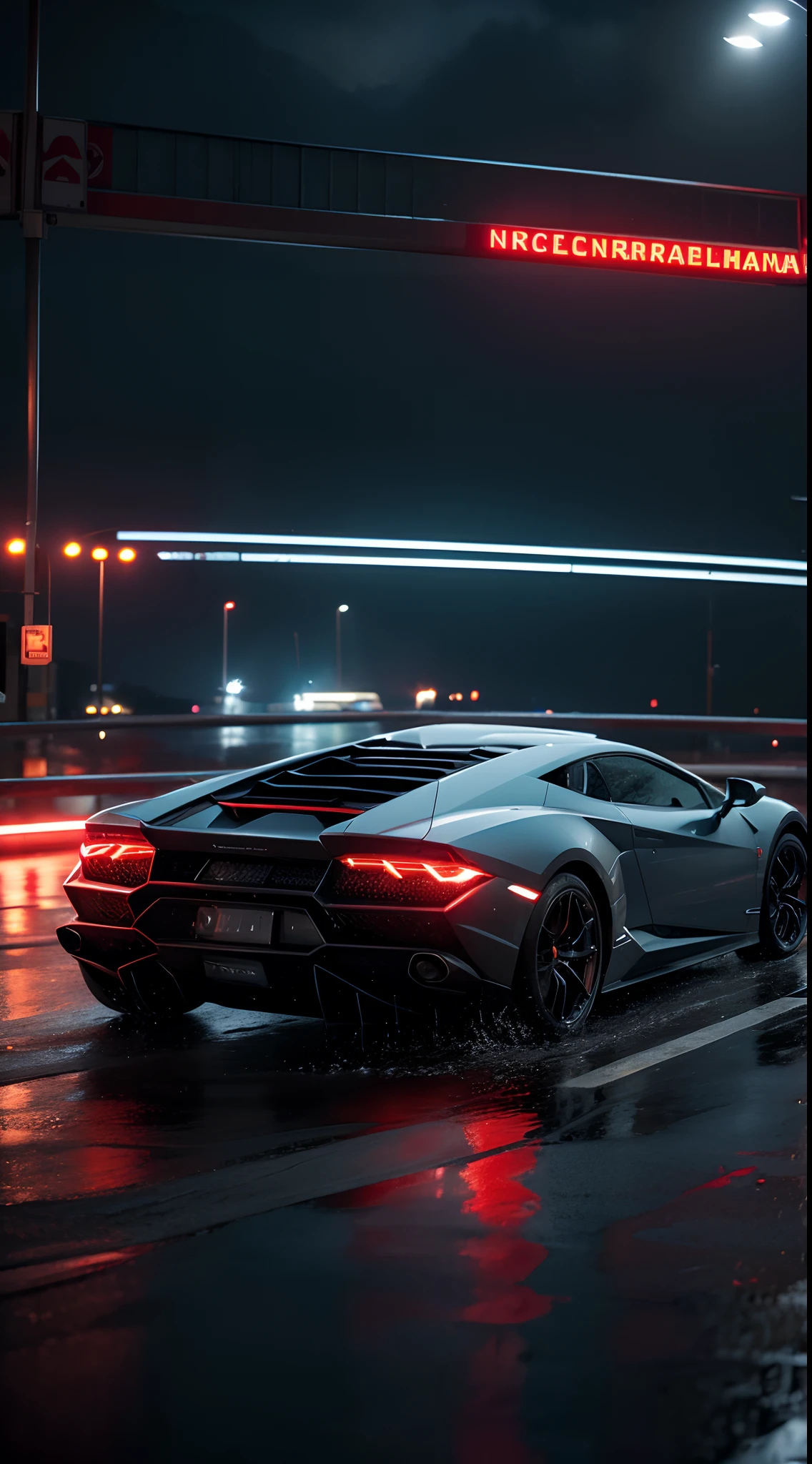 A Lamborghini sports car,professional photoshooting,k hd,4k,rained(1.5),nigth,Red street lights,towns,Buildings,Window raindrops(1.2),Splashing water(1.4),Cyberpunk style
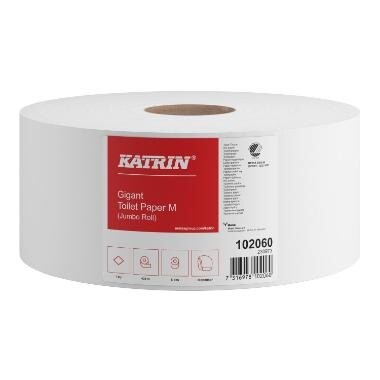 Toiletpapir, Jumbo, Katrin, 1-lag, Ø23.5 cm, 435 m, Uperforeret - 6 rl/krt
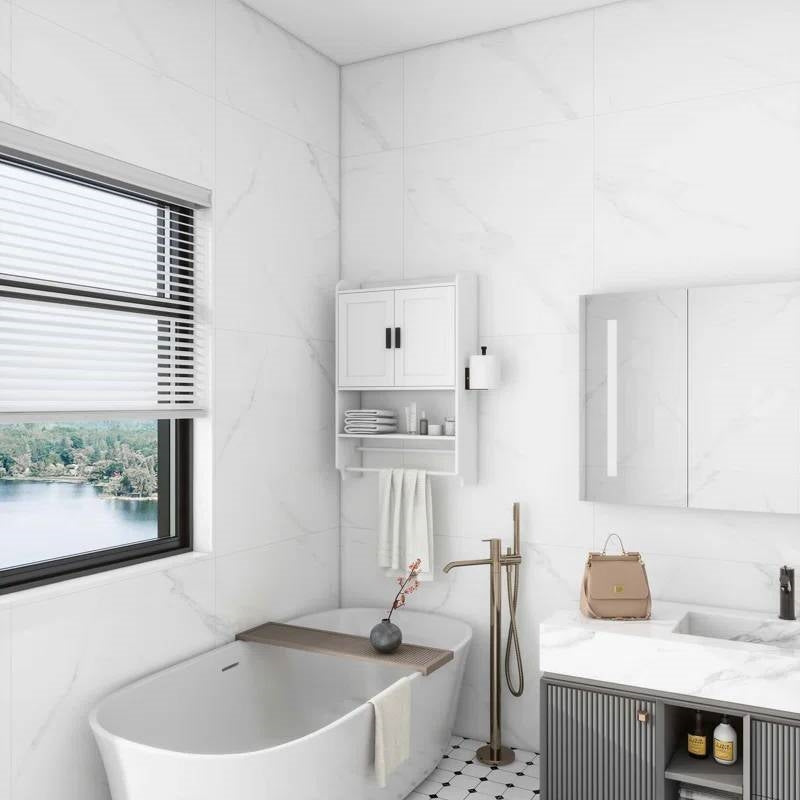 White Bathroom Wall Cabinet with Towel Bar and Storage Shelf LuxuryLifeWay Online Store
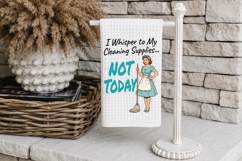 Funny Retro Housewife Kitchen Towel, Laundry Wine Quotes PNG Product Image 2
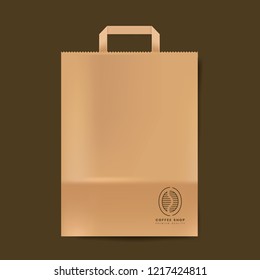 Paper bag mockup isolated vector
* * *
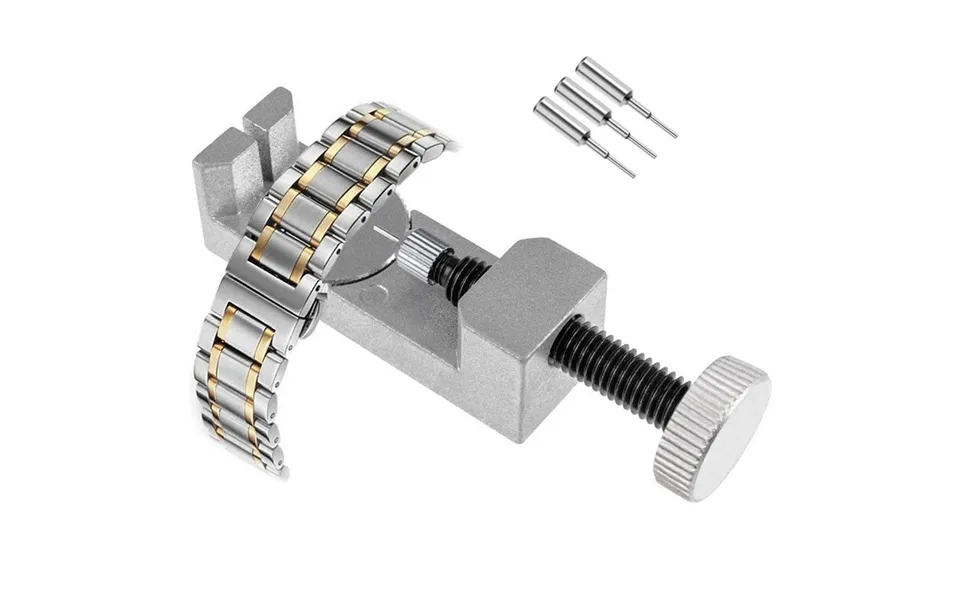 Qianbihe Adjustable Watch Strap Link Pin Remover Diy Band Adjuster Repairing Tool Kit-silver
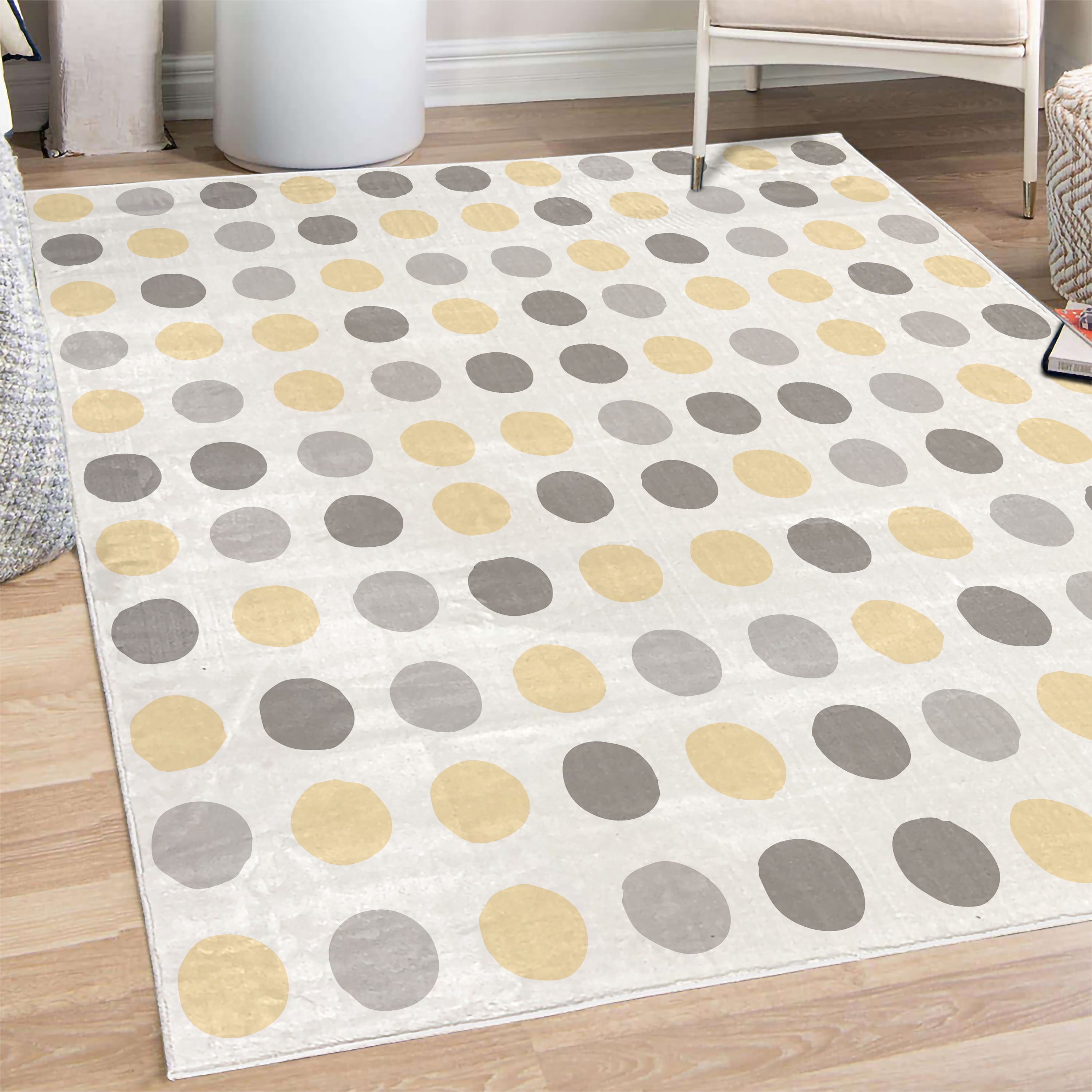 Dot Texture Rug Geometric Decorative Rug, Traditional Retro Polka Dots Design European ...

- About this task -
Using the entries above, transcribe every line from the line containing "Qianbihe Adjustable Watch" through the line containing "Dot Texture Rug". Do not copy pictures.

- Reply -
 Qianbihe Adjustable Watch Strap Link Pin Remover Diy Band Adjuster Repairing Tool Kit-silver
 Dot Texture Rug Geometric Decorative Rug, Traditional Retro Polka Dots Design European ...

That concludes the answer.